Dead Socialist: G. A. Cohen, 1941-2009

Jerry Cohen collapsed yesterday and died this morning.

The words that follow were written by Frederick Engels to Friedrich Adolph Sorge on 15 March 1883, the day after his friend Karl Marx had died, they are words that Jerry knew very well and in which he found inspiration, and they seem appropriate for this very sad morning.

Be that as it may, mankind is shorter by a head, and the greatest head of our time at that. The proletarian movement goes on, but gone is its central figure to which Frenchmen, Russians, Americans and Germans spontaneously turned at critical moments, to receive always that clear incontestable counsel which only genius and a perfect understanding of the situation could give. Local lights and lesser minds, if not the humbugs, will now have a free hand. The final victory is certain, but circuitious paths, temporary and local errors – things which even now are so unavoidable – will become more common than ever. Well, we must see it through. What else are we here for?

And we are not near losing courage yet.

[Picture credit: Chris Bertram]

4 thoughts on “Dead Socialist: G. A. Cohen, 1941-2009”

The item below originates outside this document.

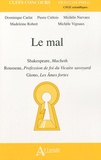 Dominique Carlat et Pierre Crétois - Le mal - Shakespeare, Macbeth; Rousseau, Profession de foi du Vicaire savoyard; Giono, Les Ames fortes.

  1. There lies the port; the vessel puffs her sail:
    There gloom the dark, broad seas. My mariners,
    Souls that have toil’d, and wrought, and thought with me —
    That ever with a frolic welcome took
    The thunder and the sunshine, and opposed
    Free hearts, free foreheads — you and I are old;
    Old age hath yet his honour and his toil;
    Death closes all: but something ere the end,
    Some work of noble note, may yet be done,
    Not unbecoming men that strove with Gods.
    The lights begin to twinkle from the rocks:
    The long day wanes: the slow moon climbs: the deep
    Moans round with many voices. Come, my friends,
    ‘Tis not too late to seek a newer world.
    Push off, and sitting well in order smite
    The sounding furrows; for my purpose holds
    To sail beyond the sunset, and the baths
    Of all the western stars, until I die.
    It may be that the gulfs will wash us down:
    It may be we shall touch the Happy Isles,
    And see the great Achilles, whom we knew.
    Tho’ much is taken, much abides; and tho’
    We are not now that strength which in old days
    Moved earth and heaven, that which we are, we are;
    One equal temper of heroic hearts,
    Made weak by time and fate, but strong in will
    To strive, to seek, to find, and not to yield.

    — Alfred Tennyson, “Ulysses”, third stanza.

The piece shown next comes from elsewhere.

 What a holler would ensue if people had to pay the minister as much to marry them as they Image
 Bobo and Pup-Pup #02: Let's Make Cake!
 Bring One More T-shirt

  2. *** CHAPTER SEVEN: Ways That Bad Things Can Be Good: A Lighter Look at the Problem of Evil

    Lecture 7 could not be reproduced here. That is because it was a multimedia exercise: the audience accepted my invitation to sing with me, to the accompaniment of tapes, a set of American popular songs that illustrate how bad things can be good. People familiar with baseball will know about the seventh-inning stretch, when the crowd is asked to rise and sing “Take Me Out to the Ball Game,” usually to the strains of a loud organ. Ten lectures are, I considered, more demanding than nine baseball innings, partly because they are ten, but mainly because they are lectures. So I thought my audience would, like baseball fans, appreciate a moment of respite; but the respte that I laid on cannot, alas or otherwise, be embodied in mere print. ***

    — G. A. Cohen, If You’re An Egalitarian, How Come You’re So Rich?, p.116.

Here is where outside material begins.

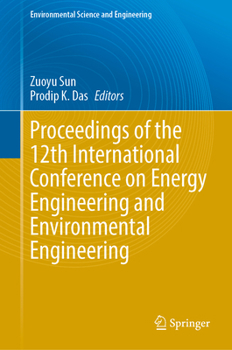 Hardcover Proceedings of the 12th International Conference on Energy Engineering and Environmental Engineering Book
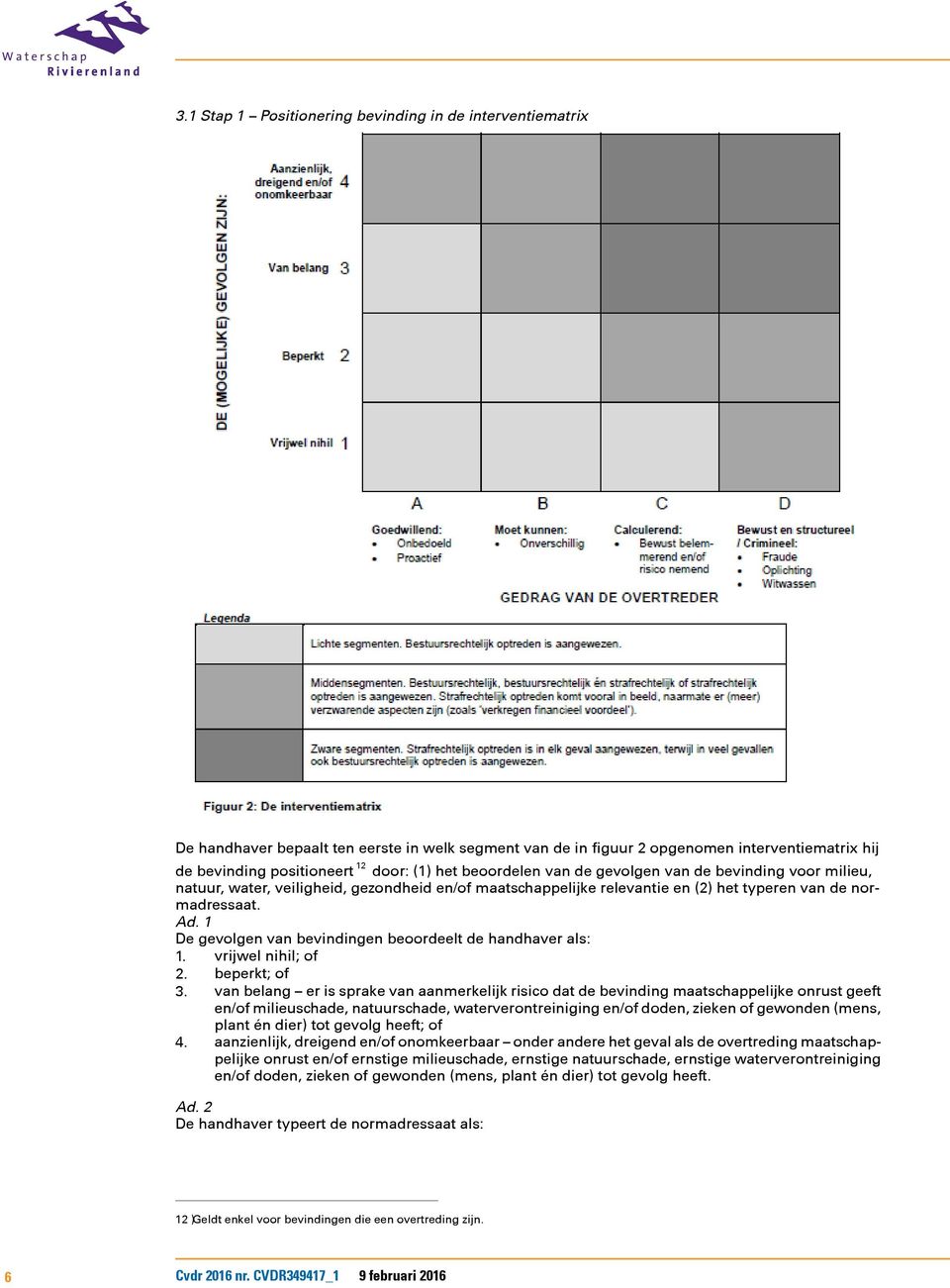 1 De gevolgen van bevindingen beoordeelt de handhaver als: 1. vrijwel nihil; of 2. beperkt; of 3.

  3. This is very, very sad. Not least because he had only just begun his retirement, and last time I heard him speak he was still so incredibly full of energy and life.

    I only just heard about this tonight. Although I never knew him personally, I think he had more influence on the development of my political outlook than anyone else whose work I studied. Hume may have shaped my ideas more widely in philosophy, and I took a great deal from Rawls and Waldron…but it was always Cohen that provided the critique, always Cohen that showed there was another, often better and invariably more radical, way.

    Very, very sad.

  4. Indeed, I remember a second-year handshaking that went something like this:

    Chris B (to me): “I know you’ve become very interested in what Jerry Cohen has to say, and you often agree with him…but do remember that other people can be right too. Jerry is excellent, but I think the technical term for many of his positions are that they’re “a bit mad”.

    Kinch H: “Chris is right, don’t be a “true believer”. Always make up your own mind!”